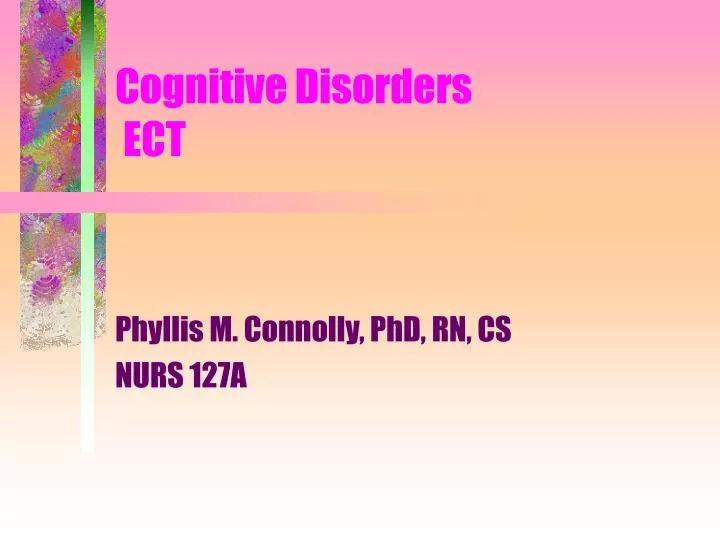 cognitive disorders ect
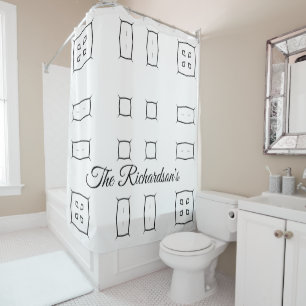 Black White Geometric Pattern   Minimal Abstract Shower Curtain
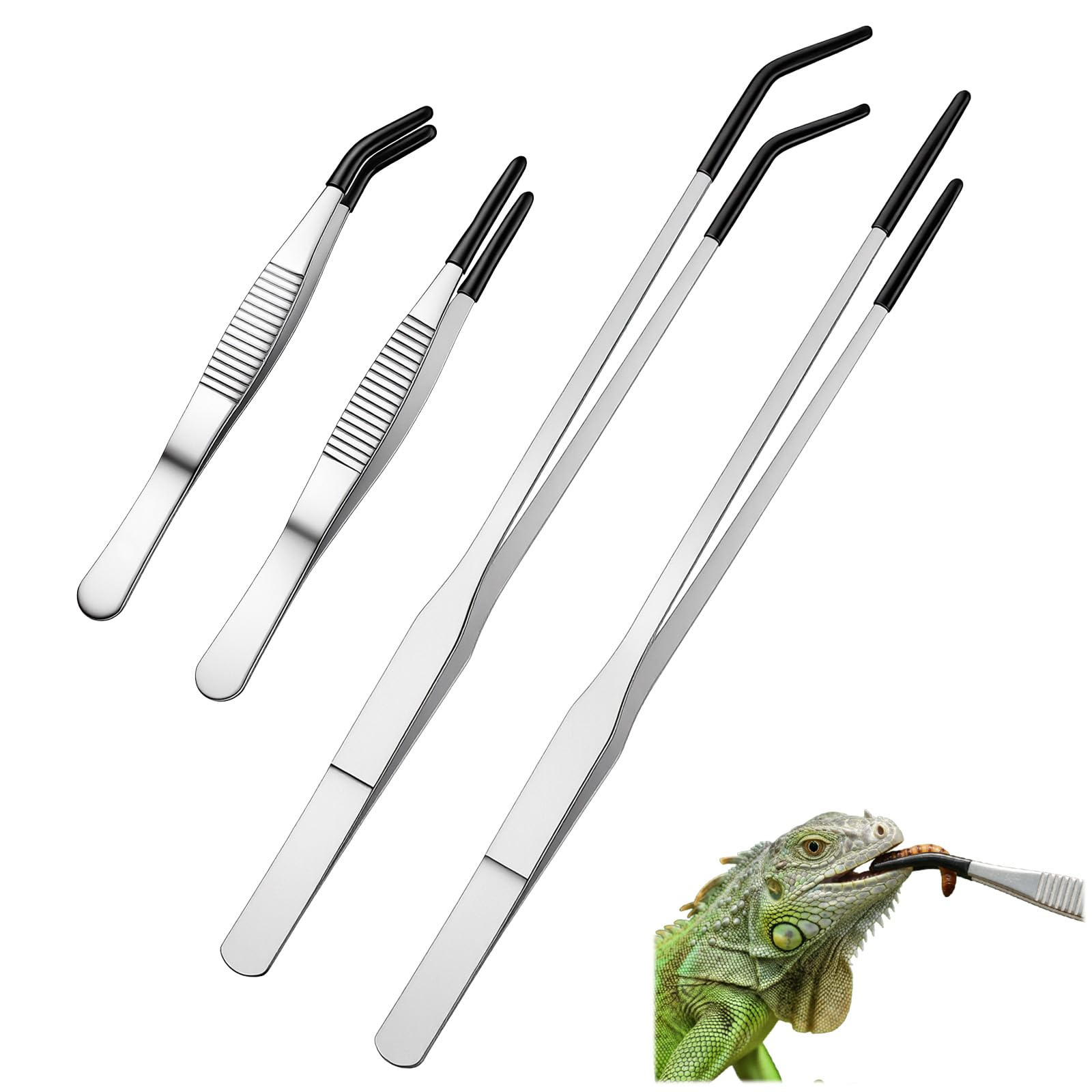 WJIAAA 4PCS Reptile Feeding Tongs Long Tweezers for Aquarium Crafts Tank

○ ○ ○

- Work instructions: Take the listing above and restate it word for word, without its pictures.

- Exercise solution:
 cognitive disorders ect
 Black White Geometric Pattern   Minimal Abstract Shower Curtain
 WJIAAA 4PCS Reptile Feeding Tongs Long Tweezers for Aquarium Crafts Tank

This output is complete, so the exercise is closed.